Las convenciones colectivas en el martirio de la cruz
“Quo vadis”
Hace casi un año, la Sala Constitucional dictó el voto -sólo
su parte dispositiva-, que declaró la inconstitucionalidad del artículo 47 de
la convención colectiva de trabajo del finado BCAC (qdlgsg*), en materia de
auxilio de cesantía (Voto N° 2018-008882). No es sino hasta ahora, en vísperas
del Acto de la Pasión MCMLXXXVI, que quedó redactada integralmente la
correspondiente sentencia, más anunciada y esperada que la Segunda Venida. Pues
bien, así las cosas, para no distraer a nadie de sus dedicados rituales de esta
Semana Mayor, no queda más que hacer en esta ruta, un ejercicio litúrgico de
este histórico pronunciamiento judicial, que en algo contribuirá a cumplir las
obligadas penitencias. ¿Cuáles fueron los extremos que el Tribunal del Santo
Oficio resolvió en este veredicto? Y, ¿cuáles fueron los motivos que
fundamentaron esta resolución, al mejor estilo de los pretores romanos?
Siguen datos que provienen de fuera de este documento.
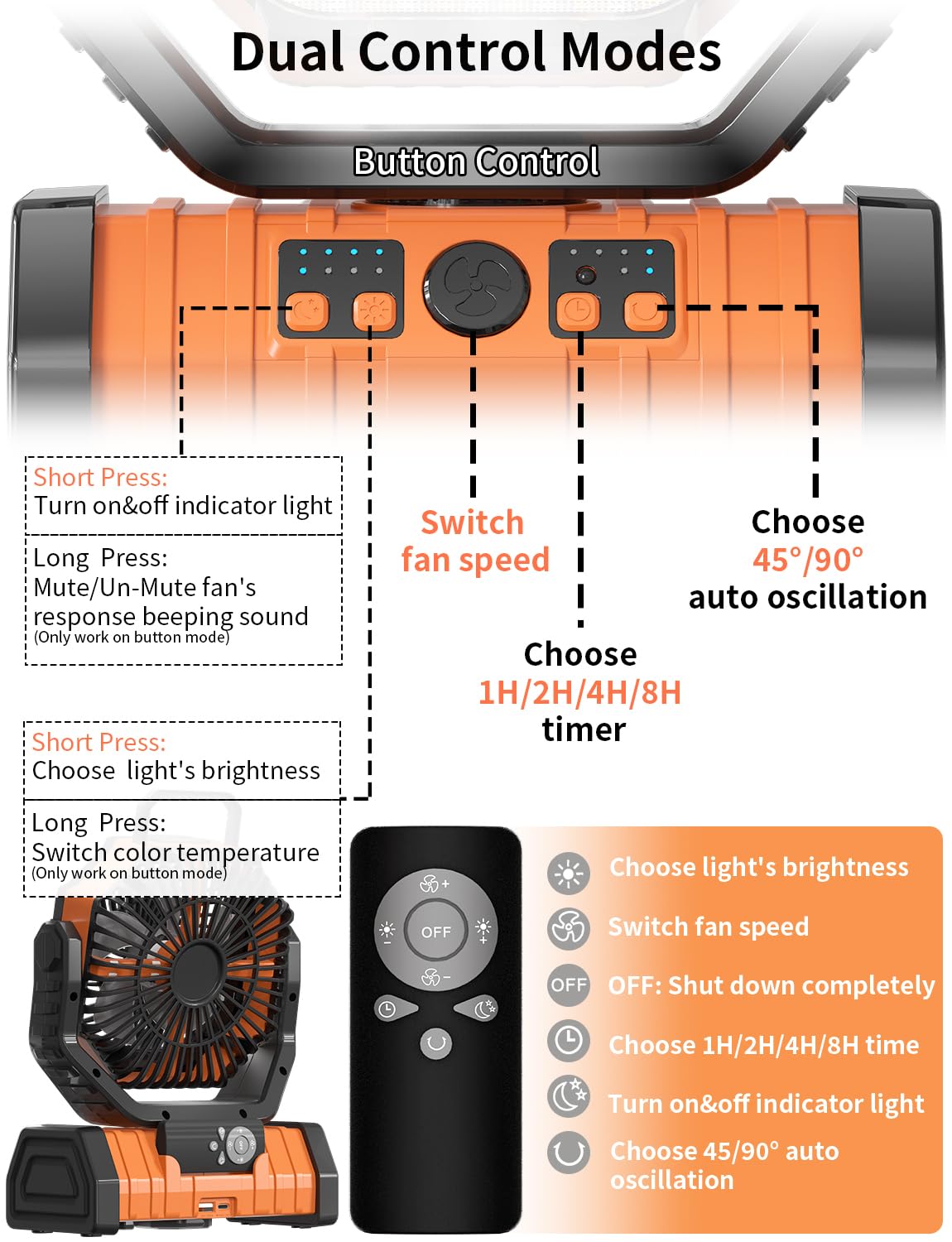 Eeifo Battery Operated Fan Portable Battery Powered Camping Tent Fan With Led Lantern Light 20000Mah Rechargeable, Oscillating,
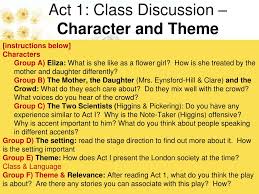 Study Guide Questions – Pygmalion 1 Pages 1-7 - Flip Pdf Download |  Fliphtml5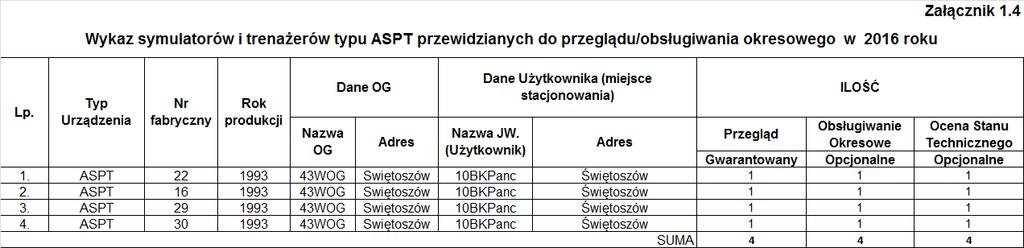 Zadanie nr 2 Załącznik nr 1 do SIWZ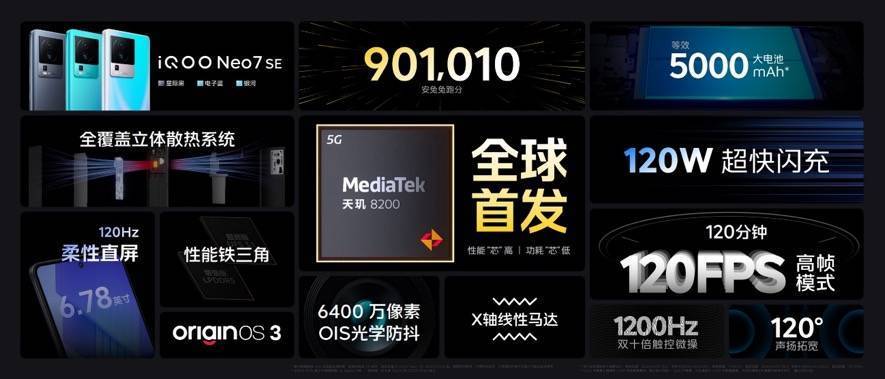 2023年度“神U”预定！iQOO Neo7 SE首发天玑8200，实测再封神！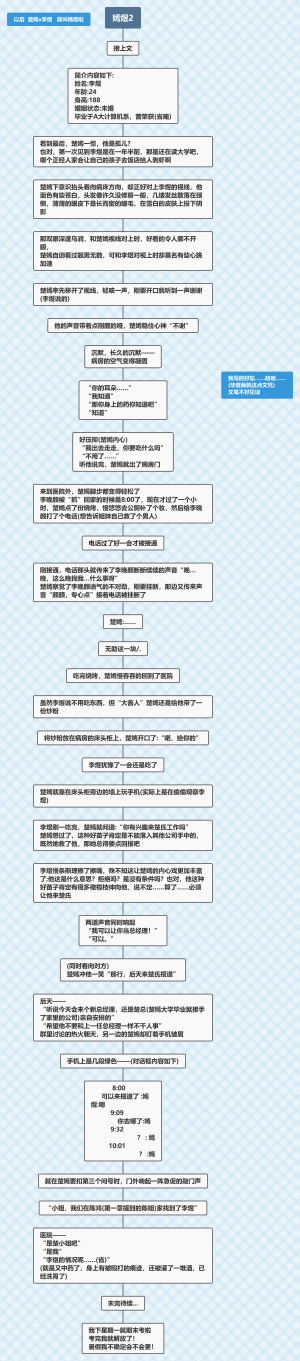 原创小说 嫣煜2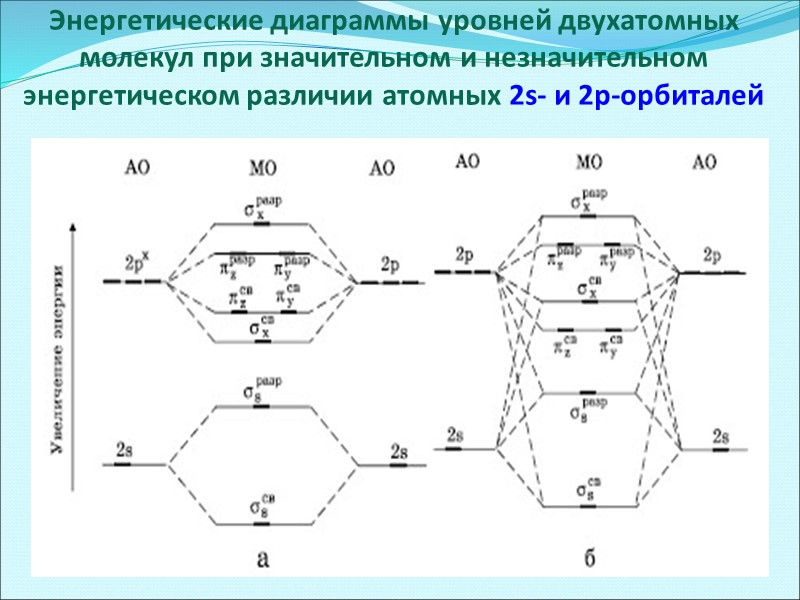 Энергетическая диаграмма МО для гетероядерных молекул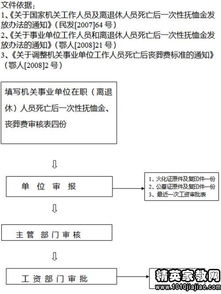 行政事业单位退休职工丧葬费做哪个会计科目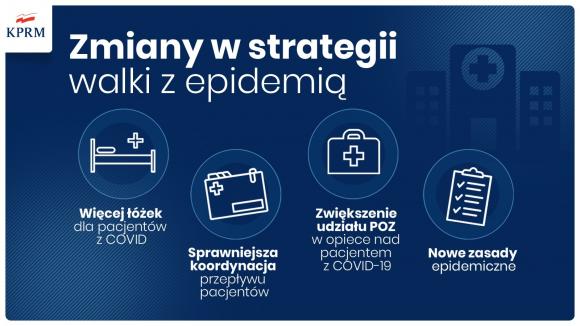 Nowe zasady bezpieczeństwa w walce z pandemią koronawirusa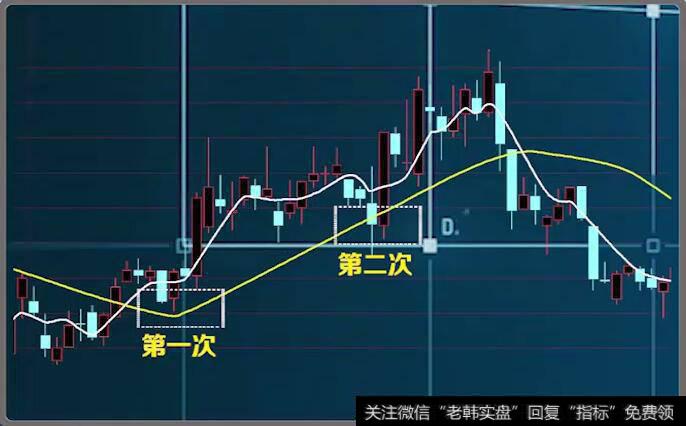 股价在20均线拐头后第一次向20均线靠近，其后股价再次向上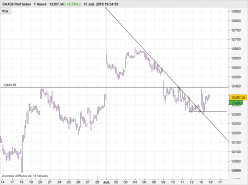 DAX40 PERF INDEX - 1H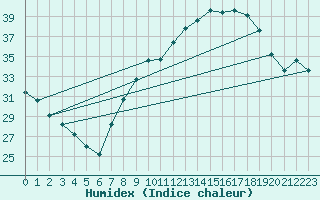 Courbe de l'humidex pour Crdoba Aeropuerto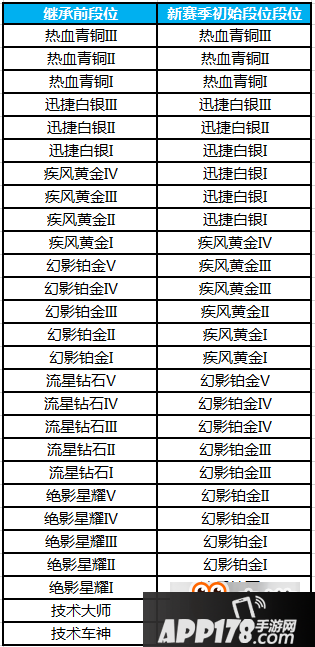 QQ飞车S9赛季怎么样 QQ飞车S9赛季<a href=http://www.app178.com/huodong/ target=_blank class=infotextkey>活动</a>详情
Básicamente fueron tres cuestiones que se analizaron y decidieron, las cuales
se comentan a continuación, en una versión de viacrusis comprimido, tan sólo de
tres estaciones, pero que para los efectos expiatorios, tan necesitados en
estos días que estamos, tiene la misma efectividad que el común de 14
estaciones. I V+: El Tribunal Constitucional reitera la condena del derecho de
renunciar con pago de prestaciones (auxilio de cesantía) Invocando su
jurisprudencia conservadora, que en este aspecto se consolidó desde hace unos 6
años, se determinó que resulta contrario al artículo 63 de la Constitución
Política, que en una convención colectiva se pacte que el trabajador que
renuncia tiene derecho al auxilio de cesantía. Esta norma garantiza que el
trabajador que sea despedido, sin justa causa, tenga derecho a una
indemnización, cuando no esté protegido por un seguro de desocupación. La
jurisprudencia constitucional ha realizado una interpretación restrictiva de la
norma, de cuyo contenido y finalidad jamás se podría sostener que la norma esté
prohibiendo el reconocimiento de la cesantía en este particular supuesto
(renuncia). En realidad, la sentencia no contiene ningún elemento novedoso en
este punto, la cual simplemente remite a sus precedentes conocidos.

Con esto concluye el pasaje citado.